PhD Student and Fellow in Politics

Just over a week ago, October 25th 2015, marked the first anniversary of Reyhaneh Jabbari’s execution. She was 26 years old. Arrested at the age of 19 for what the Iranian authorities called “premeditated murder,” she and her family readily maintained that her actions were in self-defense against a man, Morteza Abdolali Sarbandi, who had allegedly tried to rape her. While Reyhaneh had already served seven years in prison prior to her hanging, the reason for her eventual fate is simple: Reyhaneh was executed because she was a woman.

At first glance, this assertion might seem far-fetched or even hyperbolic, but I assure you that it is grounded in an uncomfortable reality. To this day, in Iran, a woman’s testimony carries half the official weight a man’s and, in extenuating circumstances, such as the case of a murder trial, a woman’s testimony may not be considered at all. In fact, as the Iran Human Rights Documentation Centre reports, “Under some circumstances, relying only on the testimony of women (regardless of the number) can constitute a false accusation.” Therefore, although Reyhaneh, her family, the UN Special Rapporteur on the Situation of Human Rights in Iran Ahmad Shaheed, and organizations like Amnesty International pleaded with the courts in her defense, in accordance with Iran’s Law of Retribution (Qisas), it was ultimately incumbent on her attacker’s family to absolve her of her ‘crimes,’ something they refused to do for Reyhaneh’s insistence that Sarbandi had attempted to rape her.
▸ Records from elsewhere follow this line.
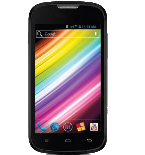 Smartfren Andromax C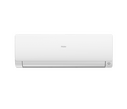 Haier AS25S2SF2FA-W \ 1U25S2SM3FA настенная сплит-система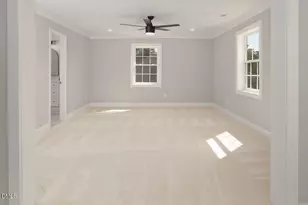 101 S Maple St, Durham, NC 27703 - Photo 41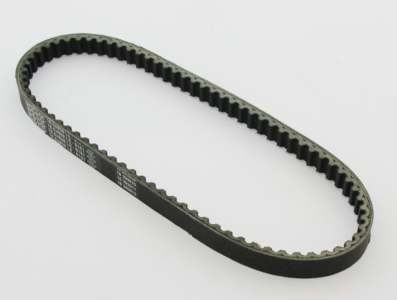 DAYCO Drive belt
In a world where women already shoulder a disproportionate burden of proof, most egregiously as it relates to sexual assault and rape, Iranian women are forced to reckon with an almost impossible circumstance. The Iranian judiciary’s refusal to allow due process for Reyhaneh’s painful and heart wrenching case should be read as their decision to execute her for an originary crime – having been born a female. The Iranian government’s message to women in this regard is loud and clear: submit to sexual assault or face retribution. A message that was probably received by Farinaz Khosrawani, a young Iranian woman of Kurdish ethnicity who, on May 4th 2015, jumped to her death from the 4th story window of the Tara Hotel in Mahabad after being aggressed by a hotel guard who allegedly tried to rape her.

Forced to come to terms with her fate, the last few lines of Reyhaneh’s final message verbalize the injustice she had known,

The world did not love us. It did not want my fate. And now I am giving in to it and embrace the death. Because in the court of God I will charge the inspectors, I will charge inspector Shamlou, I will charge judge, and the judges of country’s Supreme Court that beat me up when I was awake and did not refrain from harassing me. In the court of the creator I will charge Dr. Farvandi, I will charge Qassem Shabani and all those that out of ignorance or with their lies wronged me and trampled on my rights and didn’t pay heed to the fact that sometimes what appears as reality is different from it.

Dear soft-hearted Sholeh, in the other world it is you and me who are the accusers and others who are the accused. Let’s see what God wants. I wanted to embrace you until I die. I love you.

One year since Reyhaneh’s untimely death, what remains unclear is the total number of lives we will have lost to the Islamic Republic of Iran’s institutionalized misogyny.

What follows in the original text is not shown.